── DATA SUPPLIED

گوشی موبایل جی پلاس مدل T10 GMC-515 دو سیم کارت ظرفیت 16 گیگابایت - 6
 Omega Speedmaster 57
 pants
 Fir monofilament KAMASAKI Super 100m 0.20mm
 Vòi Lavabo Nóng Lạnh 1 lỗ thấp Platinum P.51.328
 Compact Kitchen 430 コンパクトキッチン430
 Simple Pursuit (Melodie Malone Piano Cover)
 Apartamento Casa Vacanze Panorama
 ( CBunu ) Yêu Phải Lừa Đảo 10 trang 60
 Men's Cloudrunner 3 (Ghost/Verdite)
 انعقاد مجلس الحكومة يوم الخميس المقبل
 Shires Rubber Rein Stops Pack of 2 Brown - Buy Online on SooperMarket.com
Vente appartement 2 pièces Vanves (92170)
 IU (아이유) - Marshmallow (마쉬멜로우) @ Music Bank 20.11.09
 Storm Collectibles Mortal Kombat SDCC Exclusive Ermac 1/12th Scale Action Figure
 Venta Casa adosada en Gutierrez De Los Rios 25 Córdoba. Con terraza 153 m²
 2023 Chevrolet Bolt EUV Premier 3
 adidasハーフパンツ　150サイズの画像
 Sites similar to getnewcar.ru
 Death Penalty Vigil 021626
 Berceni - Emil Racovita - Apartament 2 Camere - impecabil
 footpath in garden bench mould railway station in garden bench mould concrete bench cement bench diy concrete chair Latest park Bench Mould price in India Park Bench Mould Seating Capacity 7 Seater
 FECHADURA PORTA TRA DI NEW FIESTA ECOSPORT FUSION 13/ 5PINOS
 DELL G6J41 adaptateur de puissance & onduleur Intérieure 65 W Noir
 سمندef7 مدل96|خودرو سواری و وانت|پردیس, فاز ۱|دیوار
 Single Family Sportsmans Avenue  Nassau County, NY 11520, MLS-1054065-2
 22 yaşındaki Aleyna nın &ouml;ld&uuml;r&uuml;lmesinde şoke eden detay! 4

────

How many lines in the entries contain the string "Casa"? Answer with the number only.

◆ YOUR SOLUTION ◆
2